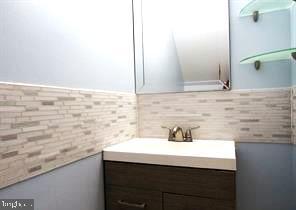 Building Photo - 1095 Corbridge Ct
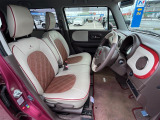 運転席シート廻りは使用感も少なく、良好な状態となっています。丁寧に使われていたことがよくわかりますね。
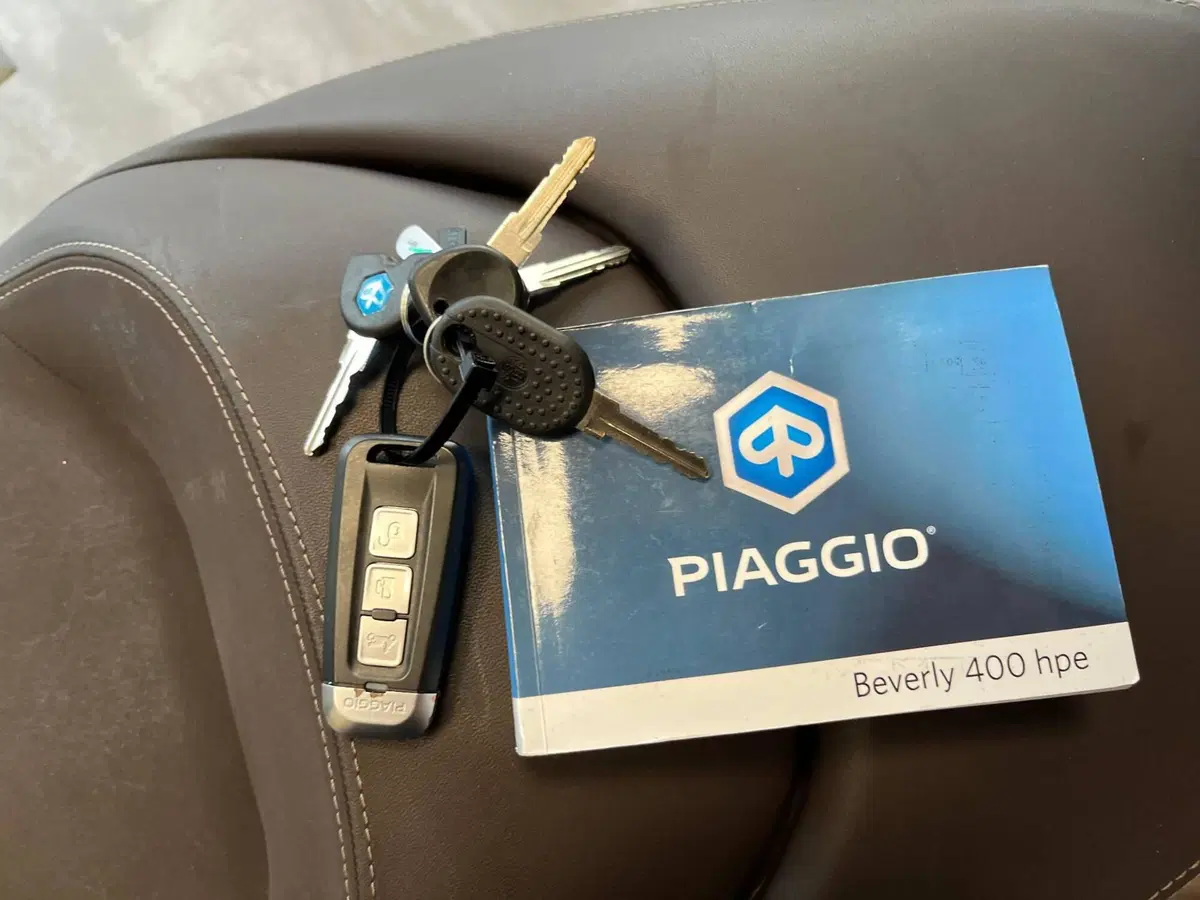 Piaggio Beverly 400 ABS-ASR (2021 - 24) (11)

**What to work on**: Pictures aside, the material must be written out word for word.

**Completed exercise**:
 Building Photo - 1095 Corbridge Ct
 運転席シート廻りは使用感も少なく、良好な状態となっています。丁寧に使われていたことがよくわかりますね。
 Piaggio Beverly 400 ABS-ASR (2021 - 24) (11)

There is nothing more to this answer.